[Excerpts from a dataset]
········

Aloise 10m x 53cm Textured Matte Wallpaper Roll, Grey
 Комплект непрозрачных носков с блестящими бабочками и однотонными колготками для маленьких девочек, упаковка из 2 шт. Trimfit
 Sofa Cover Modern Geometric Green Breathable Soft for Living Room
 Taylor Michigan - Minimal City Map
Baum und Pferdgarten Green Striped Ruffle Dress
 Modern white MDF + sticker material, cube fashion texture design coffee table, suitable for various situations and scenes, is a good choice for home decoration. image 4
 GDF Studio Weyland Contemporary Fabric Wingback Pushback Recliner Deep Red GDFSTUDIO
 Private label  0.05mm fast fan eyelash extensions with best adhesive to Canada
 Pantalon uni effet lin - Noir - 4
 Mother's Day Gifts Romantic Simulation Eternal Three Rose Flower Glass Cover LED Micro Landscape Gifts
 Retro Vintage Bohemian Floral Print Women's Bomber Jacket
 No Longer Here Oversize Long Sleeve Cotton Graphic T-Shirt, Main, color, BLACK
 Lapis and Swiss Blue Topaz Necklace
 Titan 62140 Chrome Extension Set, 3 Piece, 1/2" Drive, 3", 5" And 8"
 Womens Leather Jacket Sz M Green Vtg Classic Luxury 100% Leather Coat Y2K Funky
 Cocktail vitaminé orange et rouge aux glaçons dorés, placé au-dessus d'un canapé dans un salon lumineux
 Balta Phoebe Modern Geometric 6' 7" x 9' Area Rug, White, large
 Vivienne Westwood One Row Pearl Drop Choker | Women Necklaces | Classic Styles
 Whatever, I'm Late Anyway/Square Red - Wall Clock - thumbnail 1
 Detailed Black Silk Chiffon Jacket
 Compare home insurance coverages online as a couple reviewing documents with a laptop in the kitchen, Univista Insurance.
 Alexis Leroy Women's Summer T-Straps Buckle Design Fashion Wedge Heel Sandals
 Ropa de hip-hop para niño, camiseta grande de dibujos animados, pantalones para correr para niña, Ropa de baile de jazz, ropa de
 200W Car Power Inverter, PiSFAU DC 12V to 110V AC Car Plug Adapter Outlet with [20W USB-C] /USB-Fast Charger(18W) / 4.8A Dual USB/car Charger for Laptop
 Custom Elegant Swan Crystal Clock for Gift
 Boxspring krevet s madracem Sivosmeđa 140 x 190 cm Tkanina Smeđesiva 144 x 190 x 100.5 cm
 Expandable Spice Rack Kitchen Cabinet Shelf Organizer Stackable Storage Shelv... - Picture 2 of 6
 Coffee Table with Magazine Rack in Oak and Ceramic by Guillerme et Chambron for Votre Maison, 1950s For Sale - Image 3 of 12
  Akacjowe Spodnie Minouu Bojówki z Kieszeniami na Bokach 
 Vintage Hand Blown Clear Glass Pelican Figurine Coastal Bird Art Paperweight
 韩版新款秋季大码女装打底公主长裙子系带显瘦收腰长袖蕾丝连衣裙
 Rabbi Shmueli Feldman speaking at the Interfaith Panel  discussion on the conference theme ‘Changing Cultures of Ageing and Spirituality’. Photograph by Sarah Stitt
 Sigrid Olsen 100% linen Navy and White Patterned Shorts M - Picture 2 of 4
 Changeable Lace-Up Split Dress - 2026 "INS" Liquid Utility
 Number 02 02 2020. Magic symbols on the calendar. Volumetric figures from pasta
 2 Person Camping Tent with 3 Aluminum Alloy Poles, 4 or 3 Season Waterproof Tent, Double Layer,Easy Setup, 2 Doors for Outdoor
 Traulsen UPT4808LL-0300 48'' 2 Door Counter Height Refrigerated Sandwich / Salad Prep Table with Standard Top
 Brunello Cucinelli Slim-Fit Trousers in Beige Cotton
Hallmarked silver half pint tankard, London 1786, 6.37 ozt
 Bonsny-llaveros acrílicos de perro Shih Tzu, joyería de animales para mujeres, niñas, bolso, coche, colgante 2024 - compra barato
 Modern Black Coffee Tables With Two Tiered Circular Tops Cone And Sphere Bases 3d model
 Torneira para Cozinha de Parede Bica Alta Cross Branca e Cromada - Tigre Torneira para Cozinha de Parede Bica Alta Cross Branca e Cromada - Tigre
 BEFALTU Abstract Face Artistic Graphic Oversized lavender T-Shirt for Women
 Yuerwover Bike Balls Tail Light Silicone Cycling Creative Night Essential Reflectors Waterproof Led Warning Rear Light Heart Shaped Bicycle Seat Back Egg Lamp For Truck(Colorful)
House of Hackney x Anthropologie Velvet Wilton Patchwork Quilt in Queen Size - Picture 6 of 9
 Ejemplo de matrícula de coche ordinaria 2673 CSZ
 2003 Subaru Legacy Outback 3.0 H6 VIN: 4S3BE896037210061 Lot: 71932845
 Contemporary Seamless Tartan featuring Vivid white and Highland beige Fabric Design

········

Without changing anything, quote the lines from the top of the data to the line that contains "Ropa de hip-hop", including that line.

** Reply to the exercise **
Aloise 10m x 53cm Textured Matte Wallpaper Roll, Grey
 Комплект непрозрачных носков с блестящими бабочками и однотонными колготками для маленьких девочек, упаковка из 2 шт. Trimfit
 Sofa Cover Modern Geometric Green Breathable Soft for Living Room
 Taylor Michigan - Minimal City Map
Baum und Pferdgarten Green Striped Ruffle Dress
 Modern white MDF + sticker material, cube fashion texture design coffee table, suitable for various situations and scenes, is a good choice for home decoration. image 4
 GDF Studio Weyland Contemporary Fabric Wingback Pushback Recliner Deep Red GDFSTUDIO
 Private label  0.05mm fast fan eyelash extensions with best adhesive to Canada
 Pantalon uni effet lin - Noir - 4
 Mother's Day Gifts Romantic Simulation Eternal Three Rose Flower Glass Cover LED Micro Landscape Gifts
 Retro Vintage Bohemian Floral Print Women's Bomber Jacket
 No Longer Here Oversize Long Sleeve Cotton Graphic T-Shirt, Main, color, BLACK
 Lapis and Swiss Blue Topaz Necklace
 Titan 62140 Chrome Extension Set, 3 Piece, 1/2" Drive, 3", 5" And 8"
 Womens Leather Jacket Sz M Green Vtg Classic Luxury 100% Leather Coat Y2K Funky
 Cocktail vitaminé orange et rouge aux glaçons dorés, placé au-dessus d'un canapé dans un salon lumineux
 Balta Phoebe Modern Geometric 6' 7" x 9' Area Rug, White, large
 Vivienne Westwood One Row Pearl Drop Choker | Women Necklaces | Classic Styles
 Whatever, I'm Late Anyway/Square Red - Wall Clock - thumbnail 1
 Detailed Black Silk Chiffon Jacket
 Compare home insurance coverages online as a couple reviewing documents with a laptop in the kitchen, Univista Insurance.
 Alexis Leroy Women's Summer T-Straps Buckle Design Fashion Wedge Heel Sandals
 Ropa de hip-hop para niño, camiseta grande de dibujos animados, pantalones para correr para niña, Ropa de baile de jazz, ropa de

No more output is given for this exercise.